Mr Everett didn’t suggest beating Mr Foot with his stick, but the government he supported was already working hard to change the culture in social security from comfort to shame, and to transform “welfare” from a word of hope to an insult.

The beat goes on. In the meantime, the Labour Party’s leadership has transformed itself from something described as a “moral crusade” under Wilson, to one where 36 obsequious backbenchers can sign a letter lavishing praise on plans to slash welfare spending as a “moral duty.”

Depending on who you believe, the austerity already meted out to the people of this country has caused between 335,000 and 400,000 “excess deaths.”

With austerity now baselined in the system the body count continues to grow, but adding to it is, for some — including the granddaughter of Jimmy Reid, no less — required to further their careers.

Thankfully some in the Parliamentary Labour Party regard murder as a bad thing, and many of those bullied into holding on to the two-child cap a few months ago are beginning to realise they won’t get a second chance at this if they don’t make amends.
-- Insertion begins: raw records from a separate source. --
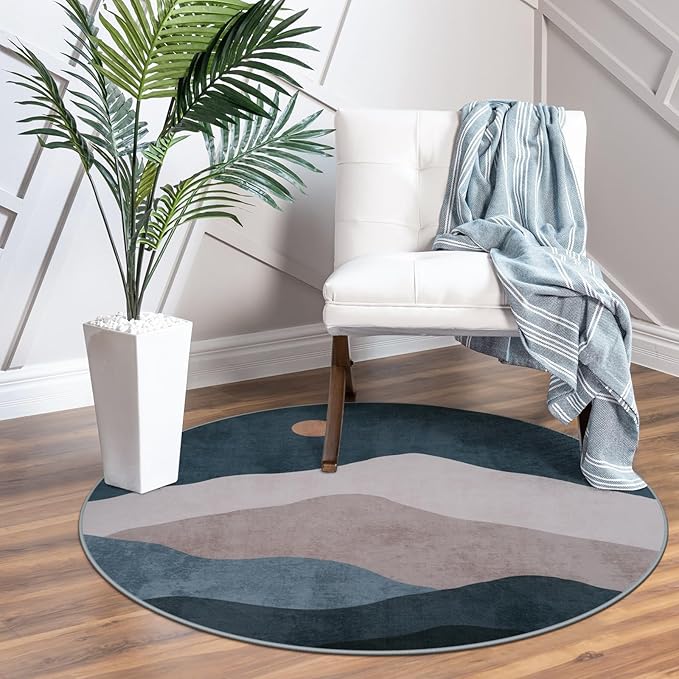 3ft Abstract Round Rug,Boho Washable Non-Slip Mountain Rugs for Entryway,Soft Ultra-Thin Small Indoor Throw Rugs for Bedroom/Bathroom/Laundry Room/Kitchen (Blue)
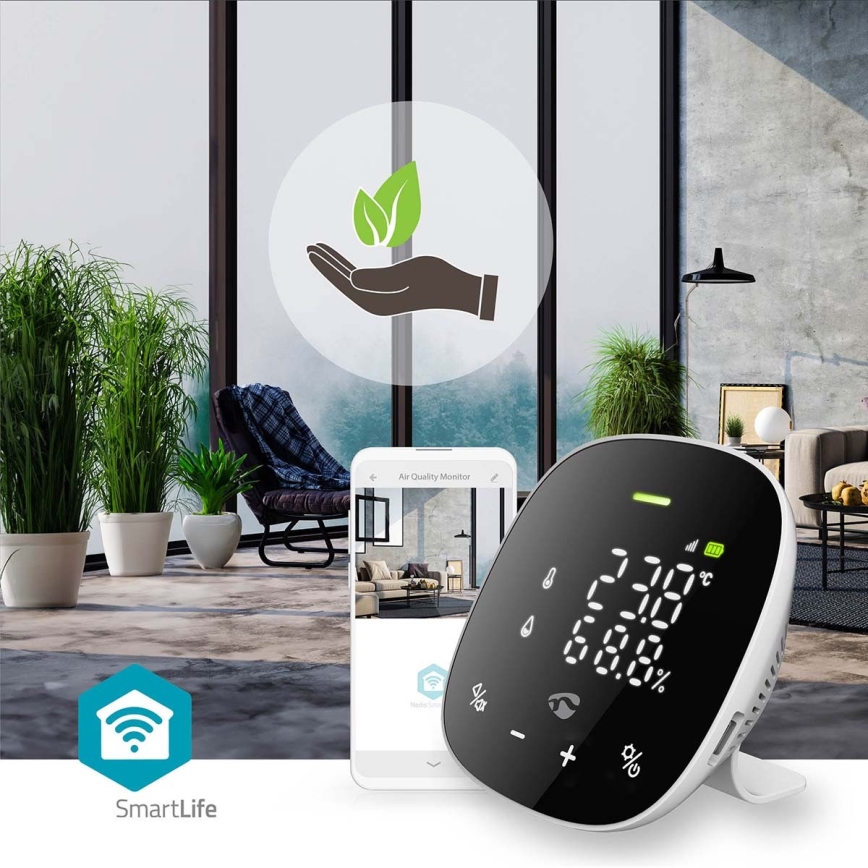 Умный датчик качества воздуха со светодиодным дисплеем SmartLife Wi-Fi
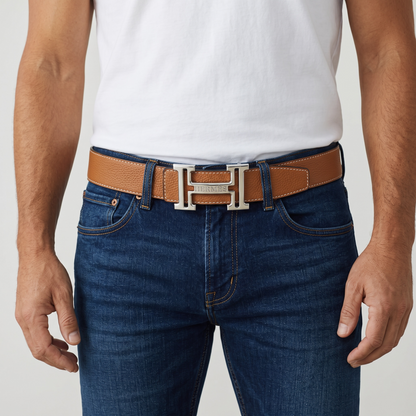 Hermès H Buckle Leather Belt – Brown Classic Luxury Belt 🤎✨ 125 cm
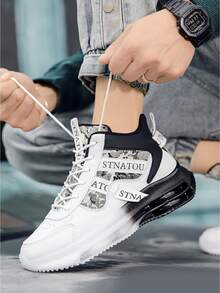 Men's Fashion Streetwear Sports Shoes, Comfortable Non-Slip Casual Lace-Up Athletic Shoes, Suitable For Men's Outdoor Activities High-Top Sneakers, Unisex Design, Shock-Absorbing Air Cushion Increasing Height Men Shoes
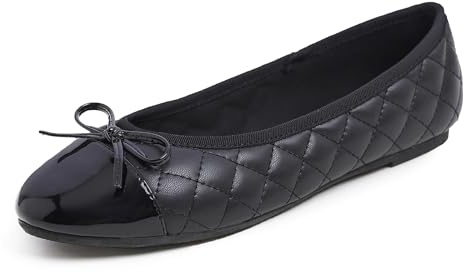 Feversole Women's Fashion Round Toe Ballet Flat,Ballerina a Punta Tonda per Donna Puntale Trapuntato Nero 38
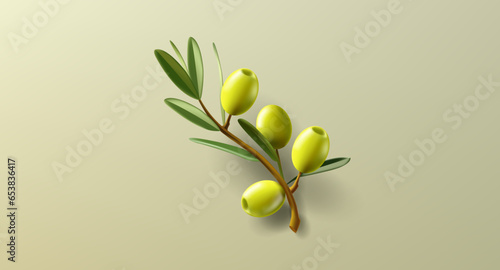 Green olives branch with leaves, 3d realistic render illustration, olive oil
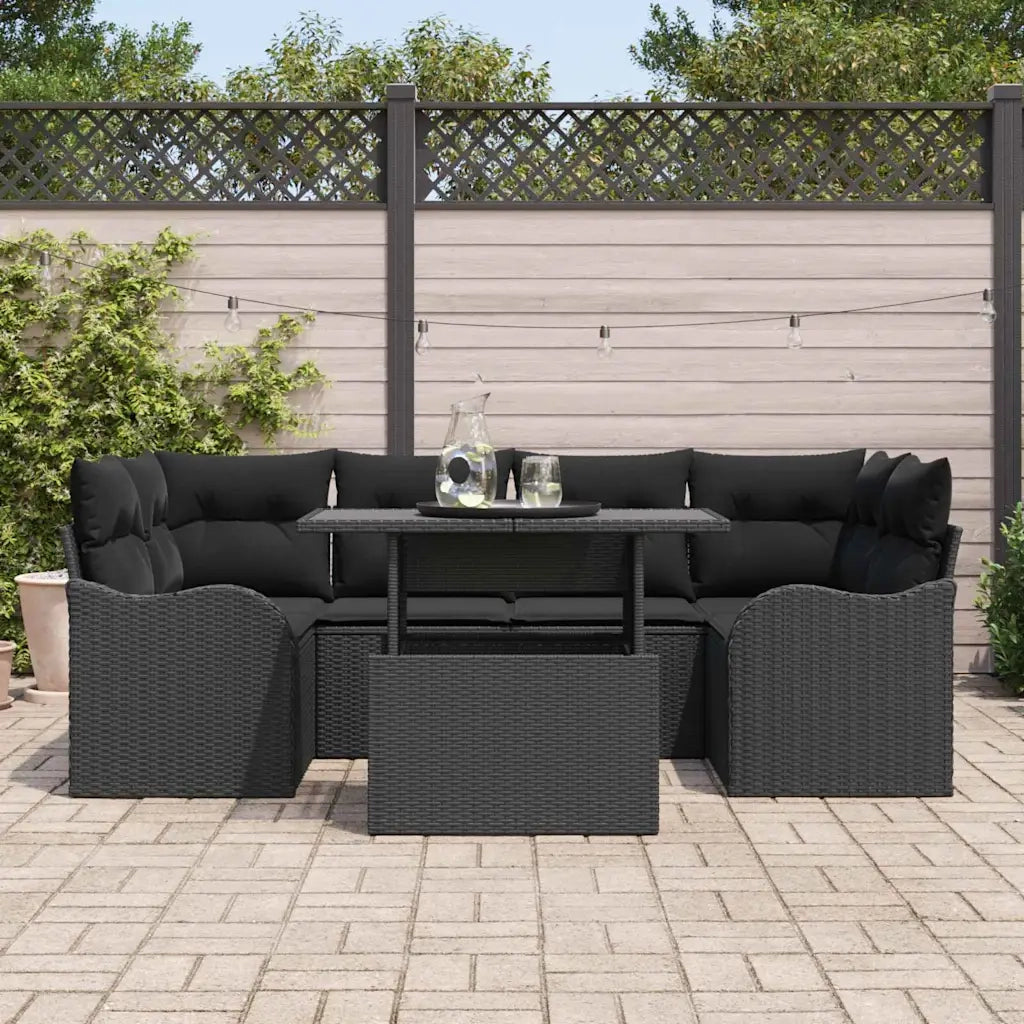 Set Divano da Giardino con cuscino 7 pcs Nero Poly Rattan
As one MP told me: “There are folk who are on board with this, folk that shite themselves and don’t want to rock the boat, and folk that want to climb the greasy pole.”

Here’s a message to each group in turn:

Folk that want to climb the greasy pole need to understand this will cost them their seats — starving the disabled into work isn’t the vote winner some believe it to be.

Folk that don’t want to rock the boat need to know that a big enough rebellion can’t be disciplined — it’s called “solidarity” and the bedrock of everything the working class have ever won including the right to sit in Parliament.

Folk fully on board with this may wish to consider talking to humans outside of Parliament or seek alternative employment as child catchers.

Any parliamentary rebellion ultimately must come from the electorate though, an electorate fed a diet of “poverty porn,” demonisation of their neighbours, and whose expectation of parliamentarians and the state is lower than it has been in generations.

There’s work to be done, but a line must surely now be drawn.

We cannot continue to accept the prop of the hard-hat tour around the guided missile factory in place of social supports that can transform lives.

Luck doesn’t deliver for the many, it never did.

That’s why the working class had to build social security in the first place, and why the future must be the big hand, not the big stick.